1. The DM describes the environment. The DM tells the players where their adventurers are and what's around them, presenting the basic scope of options that present themselves (how many doors lead out of a room, what's on a table, who's in the tavern, and so on).

2. The players describe what they want to do. Sometimes one player speaks for the whole party, saying, "We'll take the east door," for example. Other times, different adventurers do different things: one adventurer might search a treasure chest while a second examines an esoteric symbol engraved on a wall and a third keeps watch for monsters. The players don't need to take turns, but the DM listens to every player and decides how to resolve those actions.

Sometimes, resolving a task is easy. If an adventurer wants to walk across a room and open a door, the DM might just say that the door opens and describe what lies beyond. But the door might be locked, the floor might hide a deadly trap, or some other circumstance might make it challenging for an adventurer to complete a task. In those cases, the DM decides what happens, often relying on the roll of a die to determine the results of an action.

3. The DM narrates the results of the adventurers' actions. Describing the results often leads to another decision point, which brings the flow of the game right back to step 1.''

There's no social contract wrecking happening here. The DM decide if the character's action in-fiction requires a roll or not.

A situation being impossible is not ''uncertain'', thus does not require a roll.

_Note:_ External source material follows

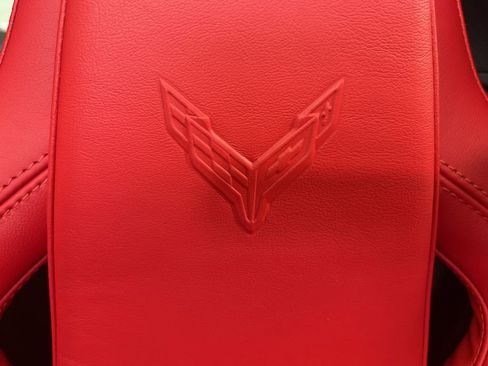 New 2026 Chevrolet Corvette Stingray Coupe w/ Z51 Performance Package RWD image 28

Not calling for a roll is as much of a DM's decision than calling for one.

#### Bill Zebub

##### “It’s probably Matt Mercer’s fault.”
Why on earth would the dramatic importance of something happening alter the possibility of something happening? This is not a novel, this is a game. Games have rules, and players who are at all good at math should, barring hidden information such as "there's a trap in that door" almost always be able to closely estimate the probabilities of any action before deciding if they will attempt that action. DM's who just change stuff because they of their "judgement of the state of the fiction" are wrecking the implicit social contract between the DM and the players.

When the DM specifies the TN and the consequences for failure, the player should have a chance to change their mind. At least that’s how I play.

#### Larnievc

The DM determines whether an attempted action will succeed or fail NOT by computing the DC and then figuring out if it's possible for the player to roll that high.
Is this how it works? A DM has to know the players’ bonus? I just set a difficulty in my head head and ask them to role ability+proficiency and tell them if they succeed or fail.

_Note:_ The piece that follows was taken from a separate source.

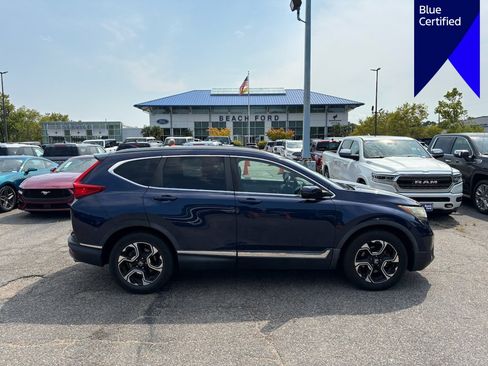 Used 2018 Honda CR-V Touring image 4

Who said we have to know their stats?

#### Larnievc

DM's who just change stuff because they of their "judgement of the state of the fiction" are wrecking the implicit social contract between the DM and the players.
Disagree. The rule of cool is part of being a hero. It’s not a game: it’s a story. And it’s the players and the DM’s jib to make the story satisfying.

Otherwise you may as well be playing Hero Quest.

#### Bill Zebub

##### “It’s probably Matt Mercer’s fault.”
Is this how it works? A DM has to know the players’ bonus? I just set a difficulty in my head head and ask them to role ability+proficiency and tell them if they succeed or fail.

Who said we have to know their stats?

Umm...no. Maybe you missed the big, all-caps "NOT" in the middle of what I wrote?